Educational Administration

Date of Award

Summer 2021


Transitioning into the role of the principal or leader of learning is typically one that is filled with tremendous excitement (Mascall & Leithwood, 2010). However, it may also be challenging and even untenable at times if the shift in roles, specific job duties, and social and emotional pressures are not areas of leadership that the new principal has borrowed experience to lean on or that they believe they can successfully fulfill (Fuller & Young, 2009). At a national level, research highlights that only one half of new principals will remain serving on the same campus as the principal between year one and five in the principalship (Fuller & Young, 2009). These statistics are not only disruptive to the teaching and learning success of a campus, teacher turnover, financial stewarding, but even more so are the detrimental effects that can be felt at the middle school level when principals do not feel ready for the role (Mascall & Leithwood, 2010).
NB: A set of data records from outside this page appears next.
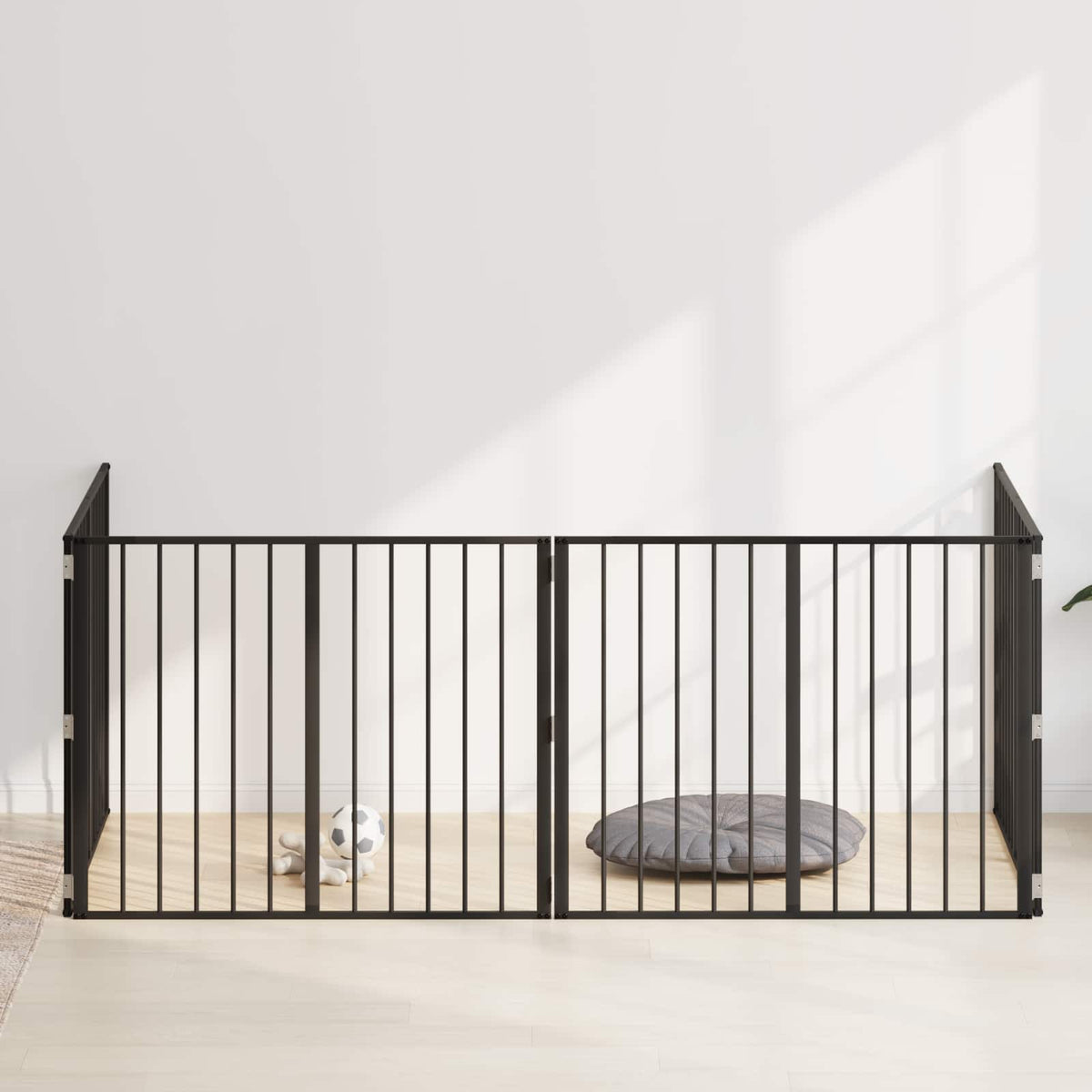 Cancello per cani 4 pz Nero 100 x 80 cm Acciaio zincato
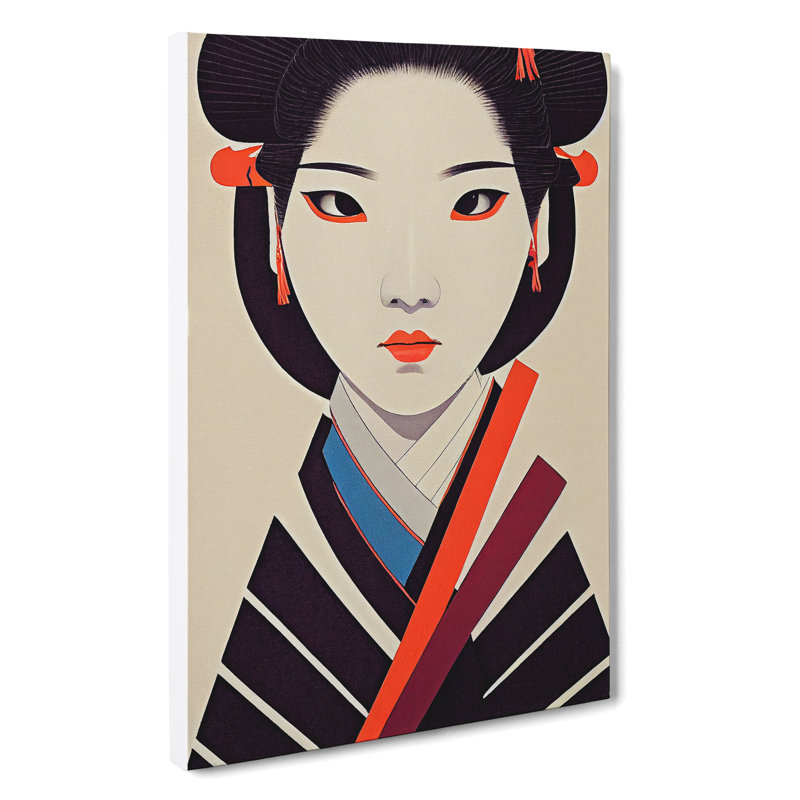 View Of A Geisha No.1 - Wall Art, Wrapped Canvas, 76cm H x 50cm W, No Matte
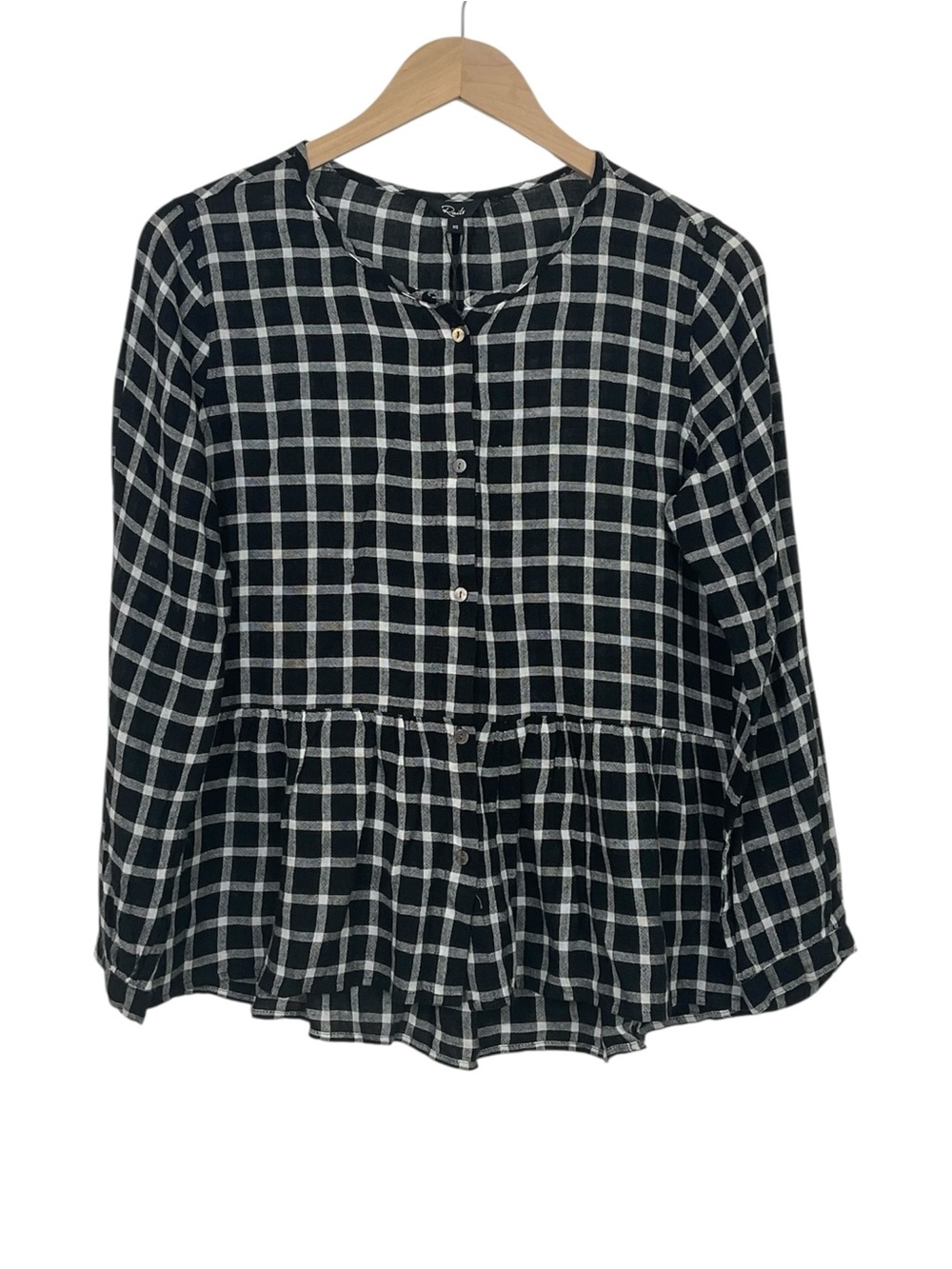 Rails Black and White Check Linen Shirt Celeste Size XS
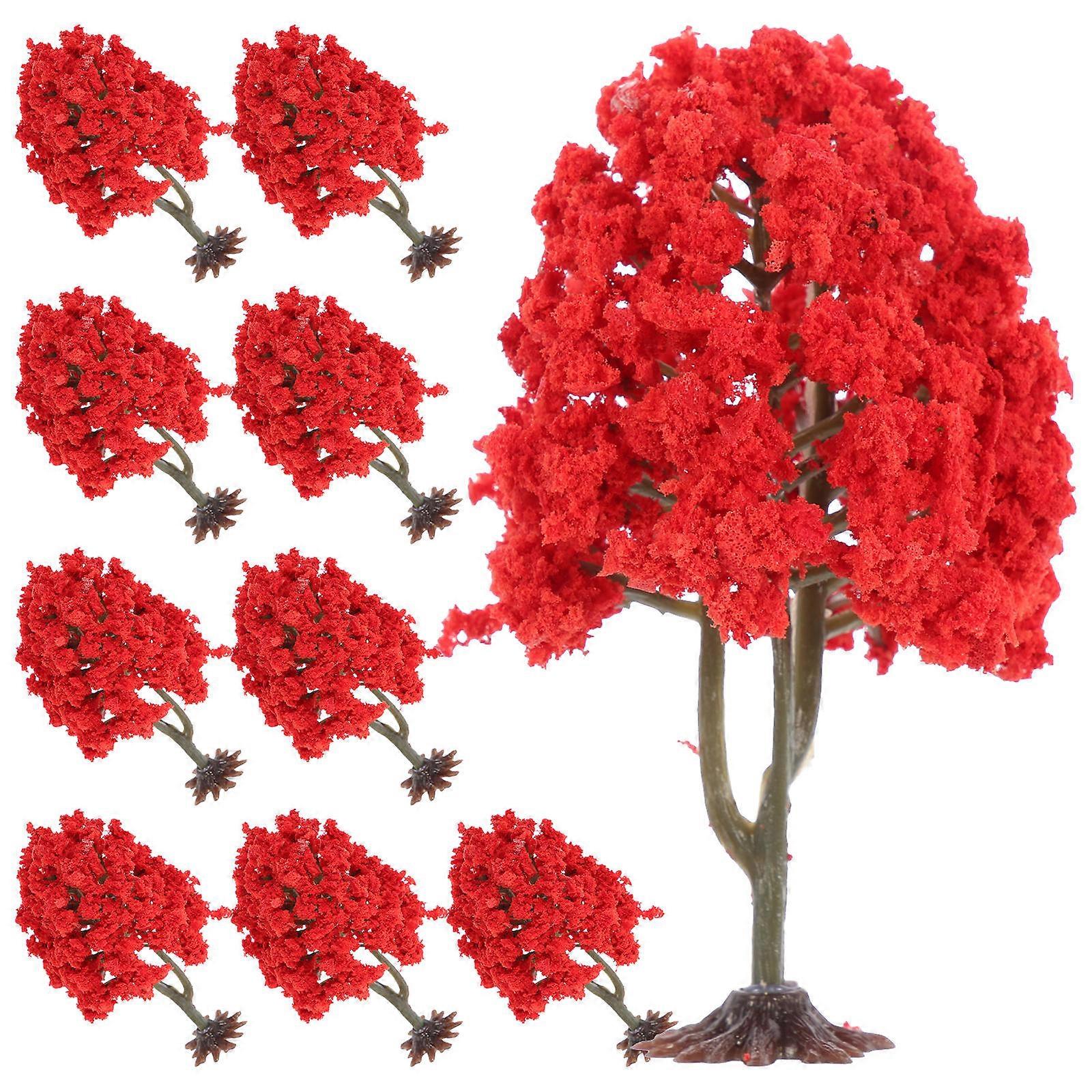 Artificial Model Trees Sand Table Model Tree for Decor 10Pcs Red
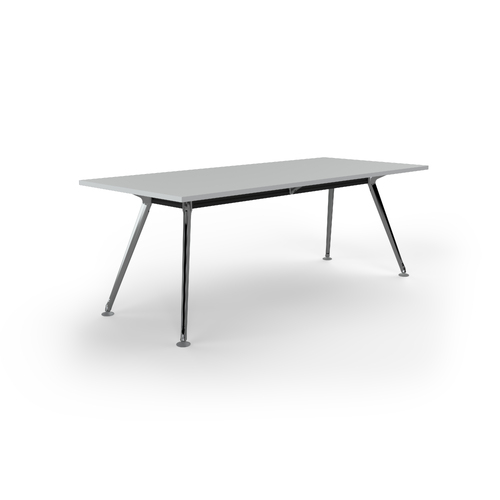 Team Meeting Table 2100 X 900 White On Polished Alloy
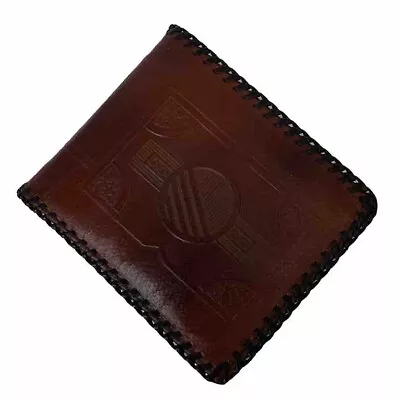 Bosca Brown Calf Leather Bi-Fold Wallet Hand-Tooled & Stitched Change Zip • $29.99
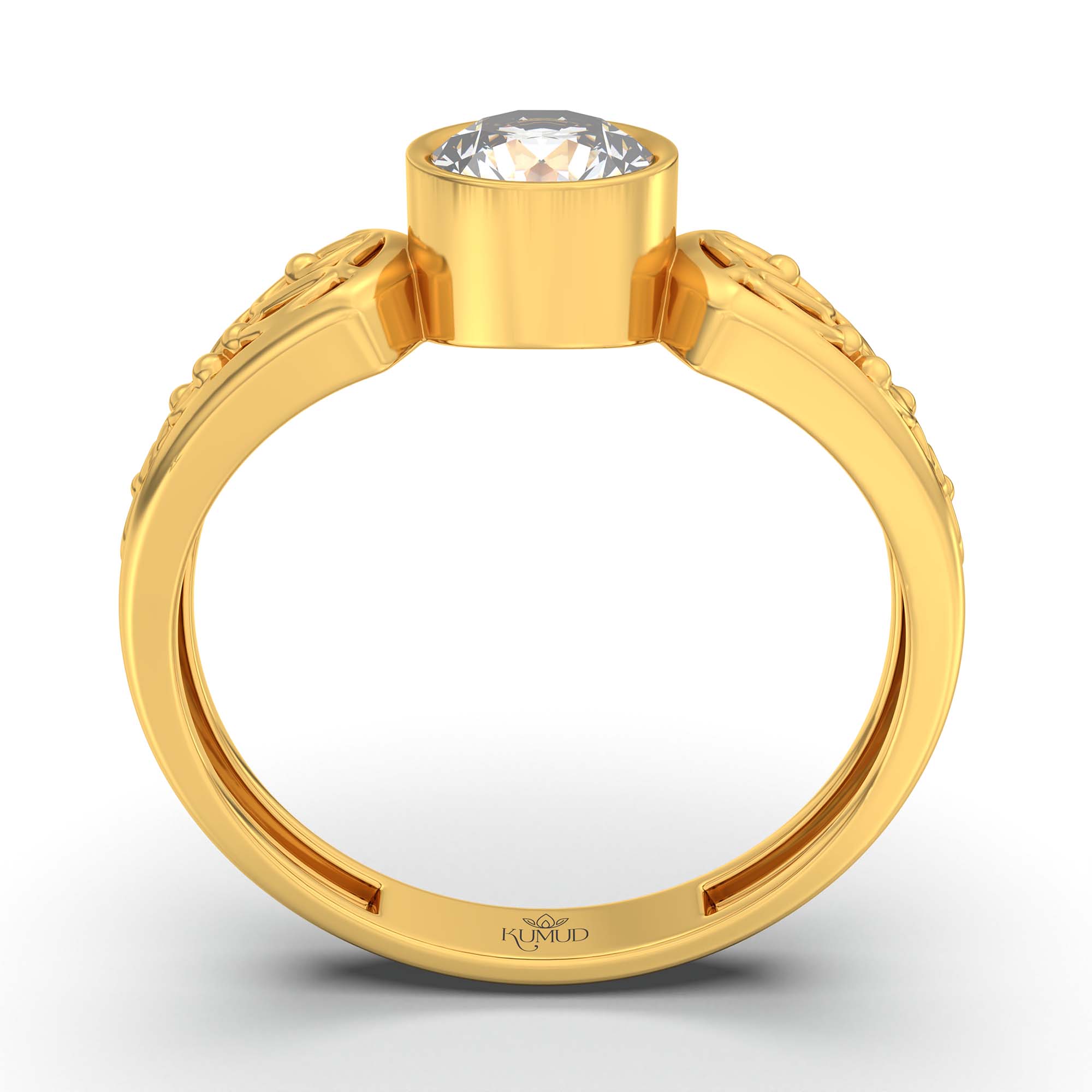Lab-Grown Diamond Solitaire Ring for Women in 22K Yellow Gold – 0.5 Ct Round, 3 g (Design K13-2-BBZAA) thumbnail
This study will use qualitative phenomenology to understand the phenomena of principal self-efficacy from the perspectives of eight to twelve active middle school principals, with one to three years of experience. The results of this study provide evidence for more robust and individualized support for new middle school principals before and after they have matriculated into the role of principal. The researcher concludes the paper with recommendations for future research to support the growth and development of self-efficacy among new middle school principals during their first one to three years in the position.